▸ **Assigned task**: Output, word for word and without pictures, the lines from the one containing "Unique weathered coloring in" through the final line of the listing below.

_ _ _ _ _

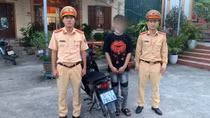 Đầu trần biểu diễn "bốc đầu" xe máy trên quốc lộ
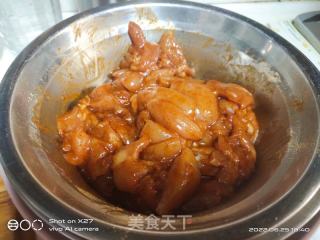 奥尔良炸鸡的做法步骤：1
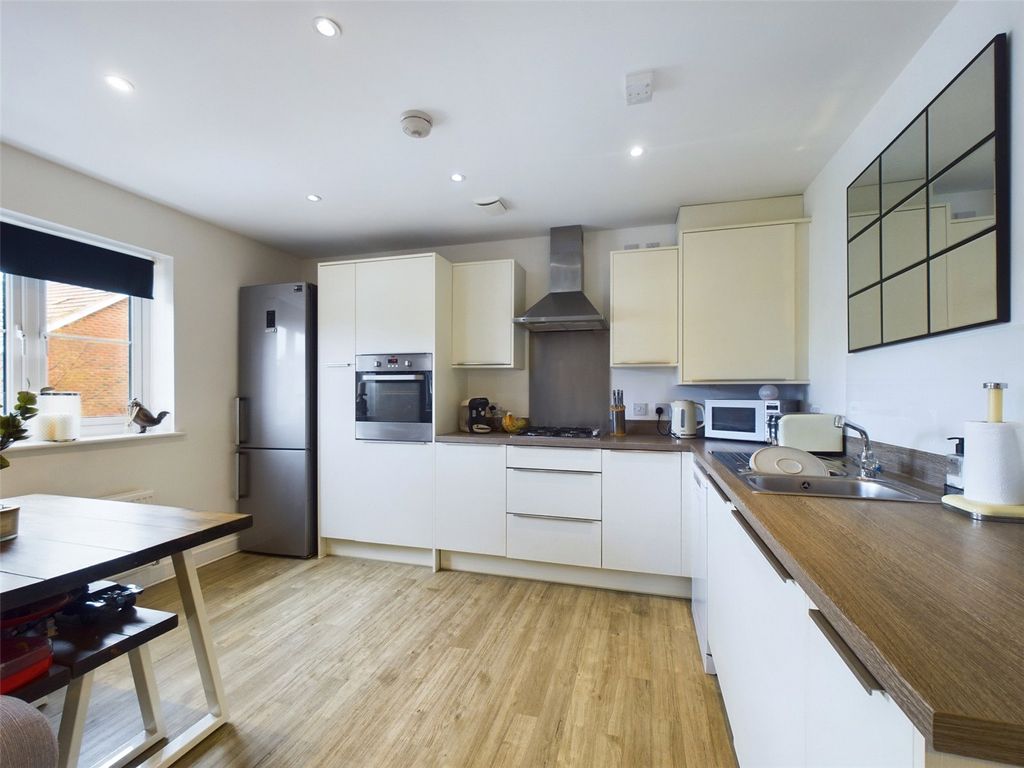 Property photo 3 of 18 Picture No. 13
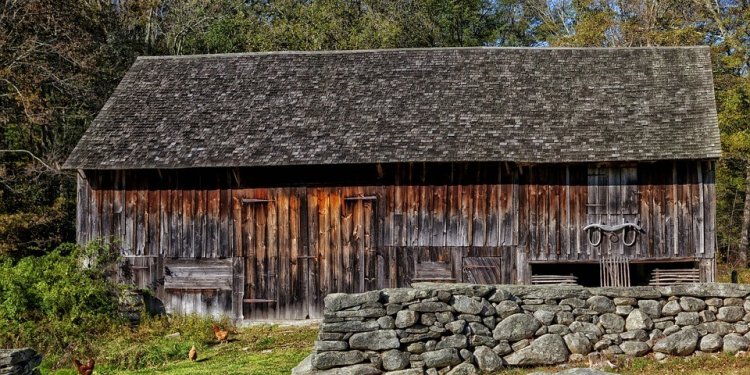 Unique weathered coloring in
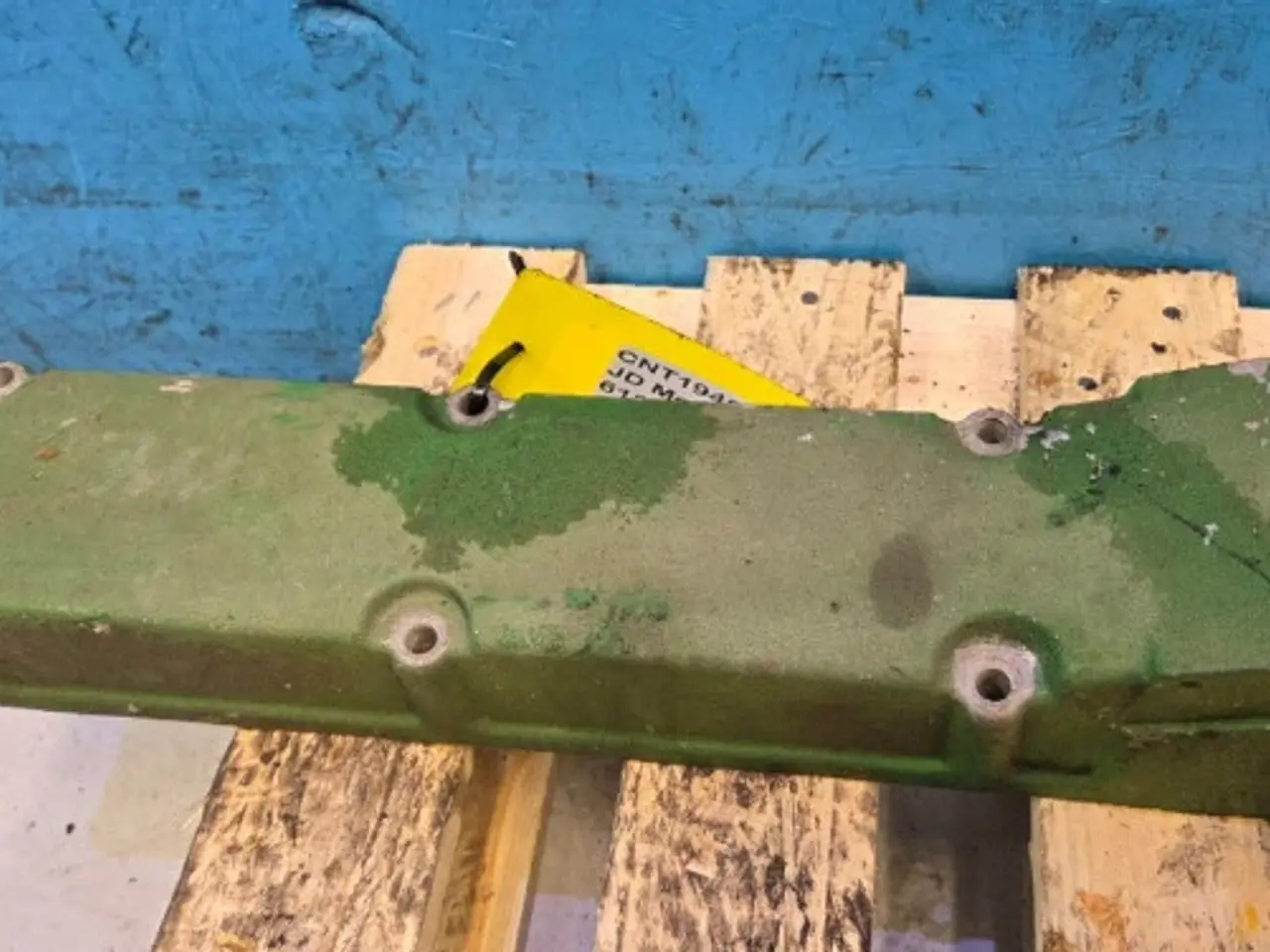 Billede 6 - John Deere 6125HZ001 Indsugningsmanifolddæksel R516998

_ _ _ _ _

▸ **Your solution**:
 Unique weathered coloring in
 Billede 6 - John Deere 6125HZ001 Indsugningsmanifolddæksel R516998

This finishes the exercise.